Exercise objective: Send back the records exactly as written, with no images.

Listed entries:
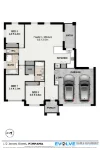 2 James Street, Pimpama, Qld 4209-Floorplan
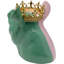 Decorative Crowned Pig figurine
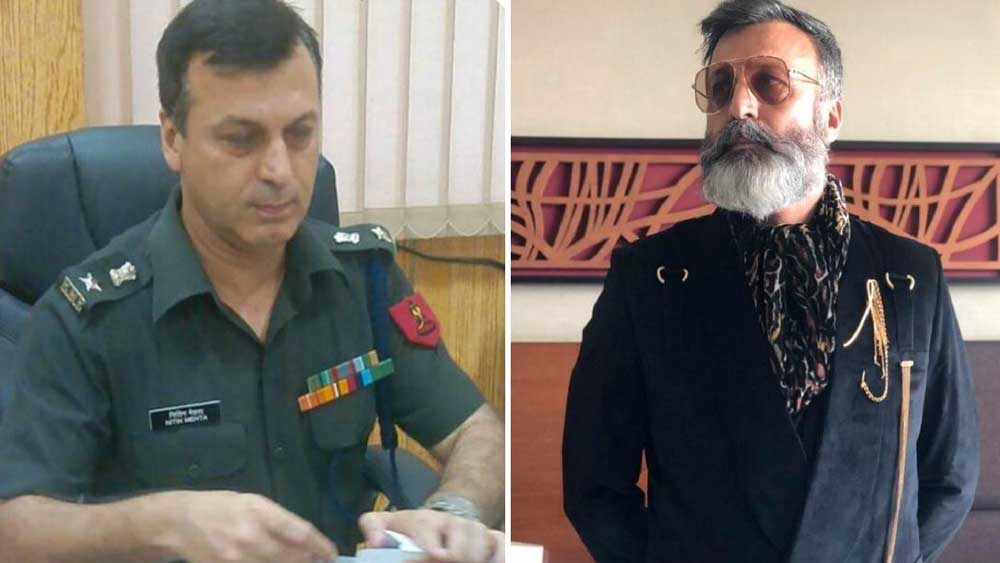 ছিলেন ভারতীয় সেনাবাহিনীর অফিসার। অবসরজীবনে এখন চুটিয়ে মডেলিং করছেন নিতিন। বলিউডের তাবড় তারকার পাশে তাঁকে দেখা যাচ্ছে।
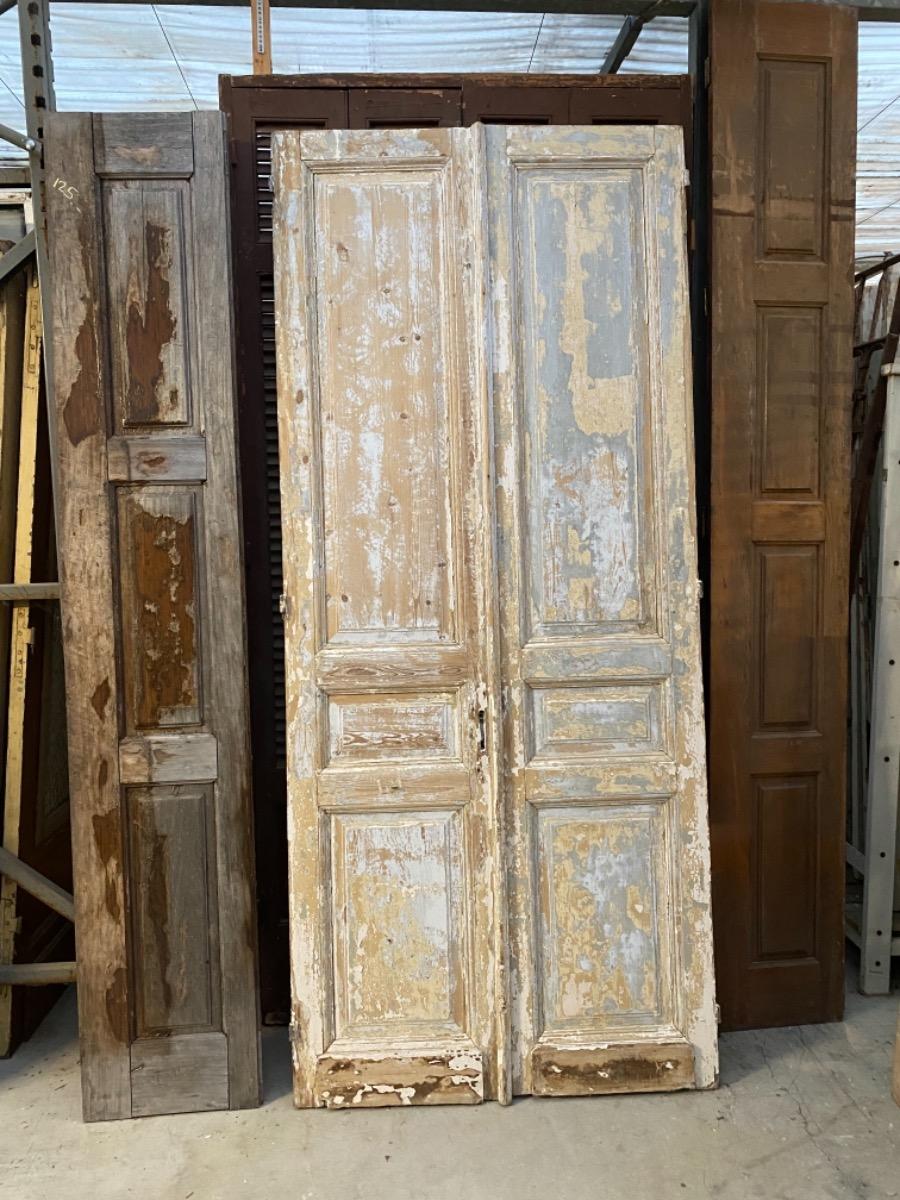 Antique doors
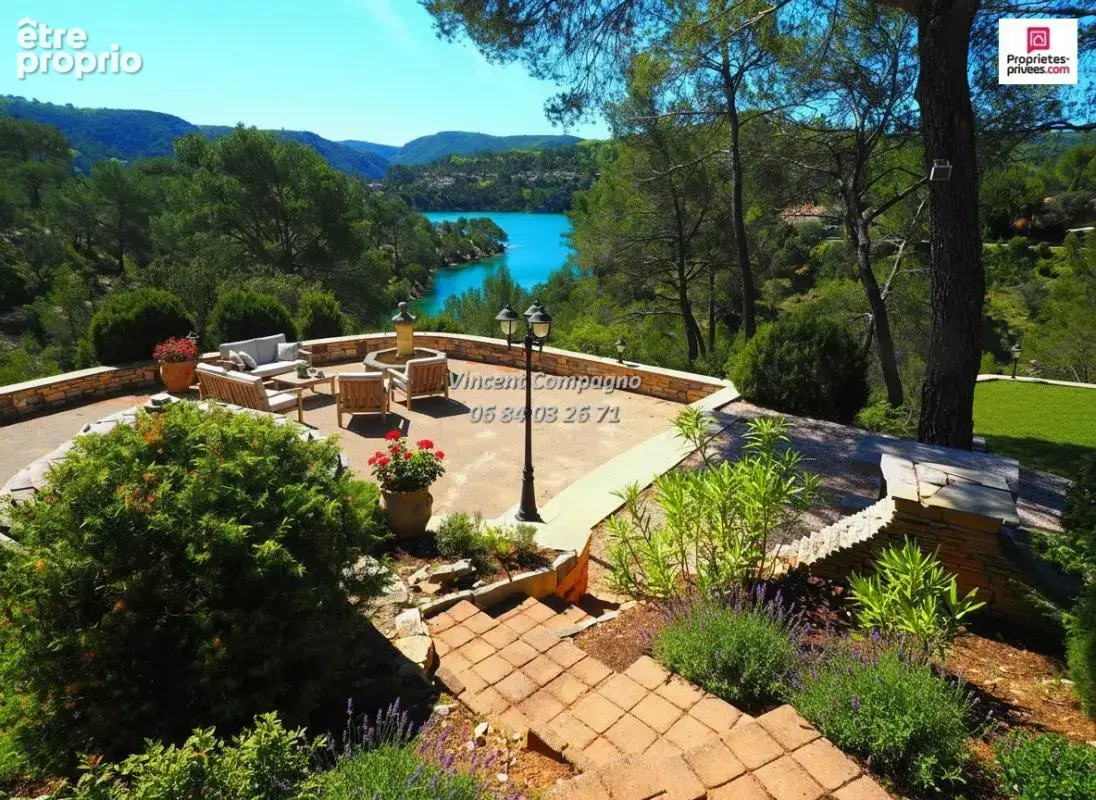 Maison à 100 mètres du lac d'Esparron de Verdon - photo 4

Expected answer:
 2 James Street, Pimpama, Qld 4209-Floorplan
 Decorative Crowned Pig figurine
 ছিলেন ভারতীয় সেনাবাহিনীর অফিসার। অবসরজীবনে এখন চুটিয়ে মডেলিং করছেন নিতিন। বলিউডের তাবড় তারকার পাশে তাঁকে দেখা যাচ্ছে।
 Antique doors
 Maison à 100 mètres du lac d'Esparron de Verdon - photo 4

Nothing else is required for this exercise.